**What the task requires**
Find the line below with "I May Be A Mechanic" and the line with "Alpen-Paradies Edelweiss Urnäsch - Alpen-Paradies". Output exactly those lines and everything between them, leaving out the pictures.

**Data supplied**
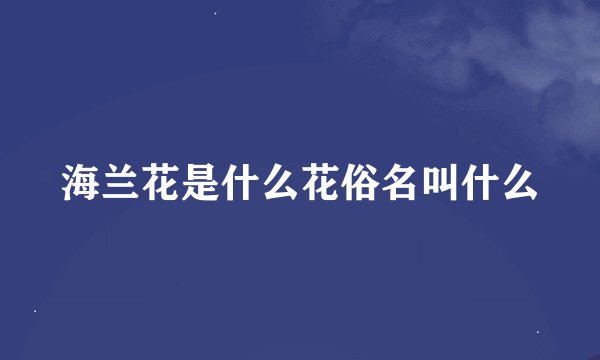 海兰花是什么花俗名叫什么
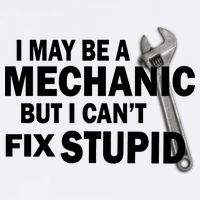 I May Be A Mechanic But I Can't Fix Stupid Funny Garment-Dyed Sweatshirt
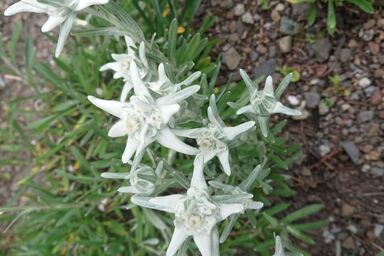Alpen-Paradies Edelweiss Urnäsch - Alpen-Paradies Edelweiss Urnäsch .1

...

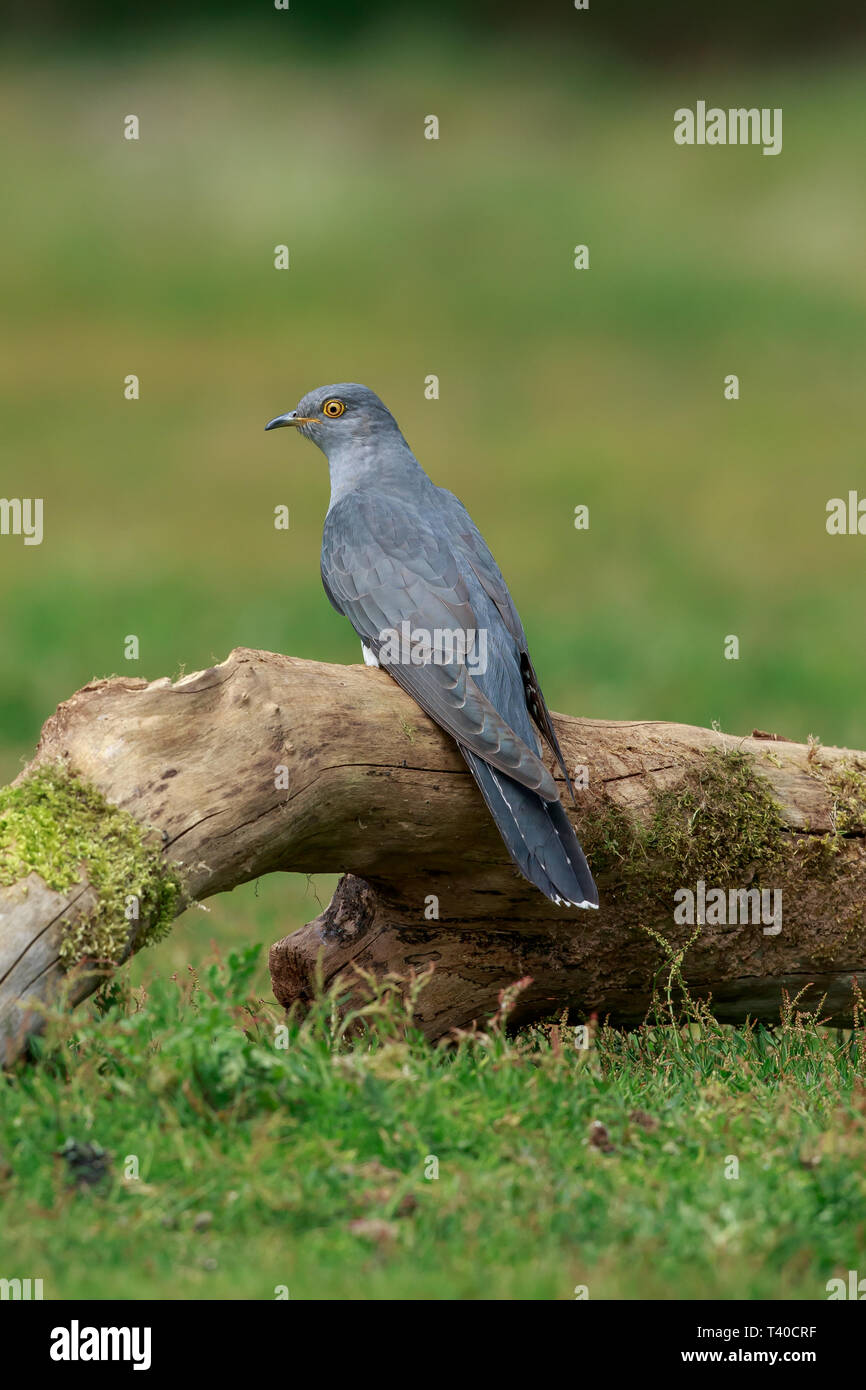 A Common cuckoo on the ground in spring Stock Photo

...

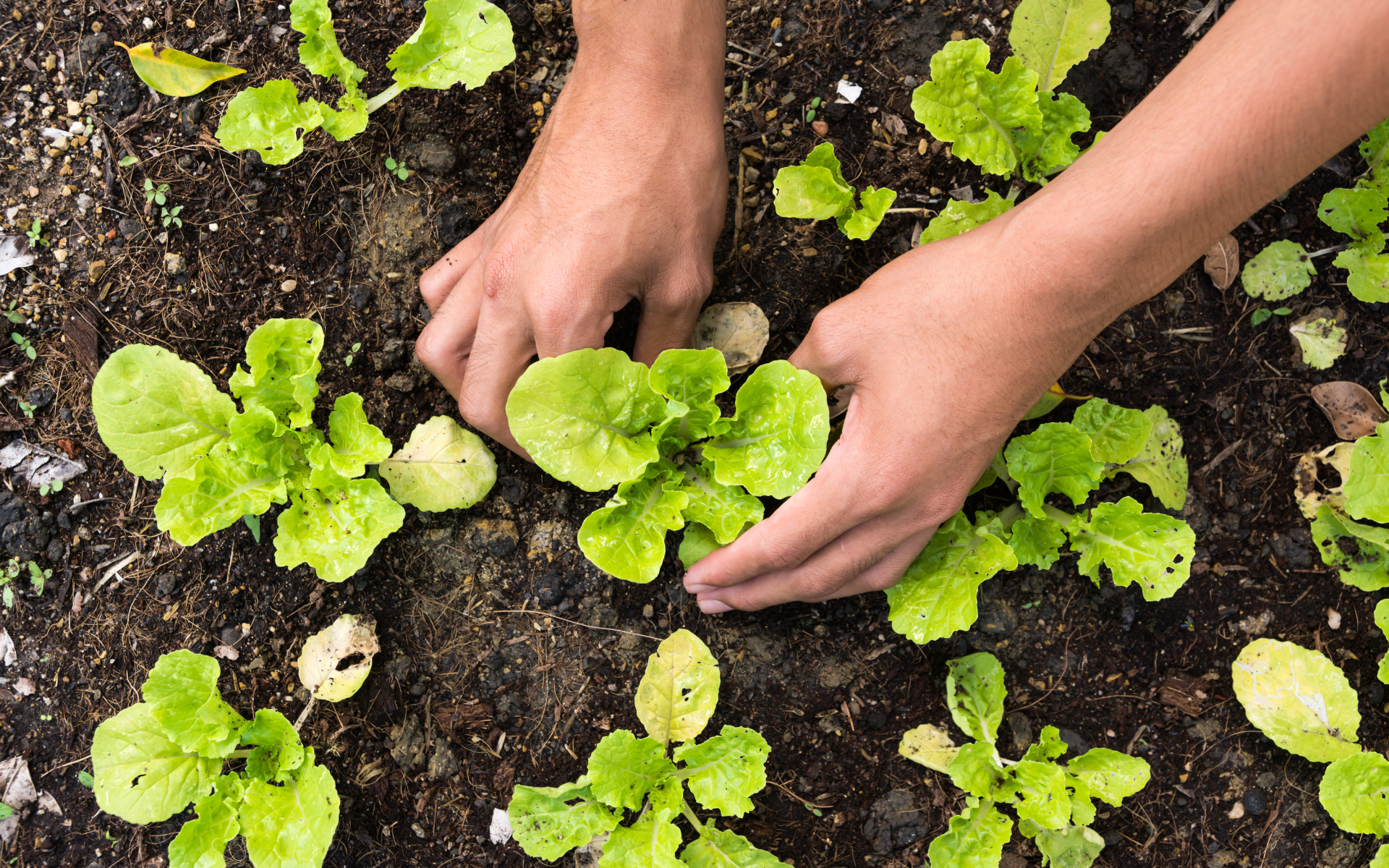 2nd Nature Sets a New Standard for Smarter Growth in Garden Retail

**Exercise answer**
 I May Be A Mechanic But I Can't Fix Stupid Funny Garment-Dyed Sweatshirt
Alpen-Paradies Edelweiss Urnäsch - Alpen-Paradies Edelweiss Urnäsch .1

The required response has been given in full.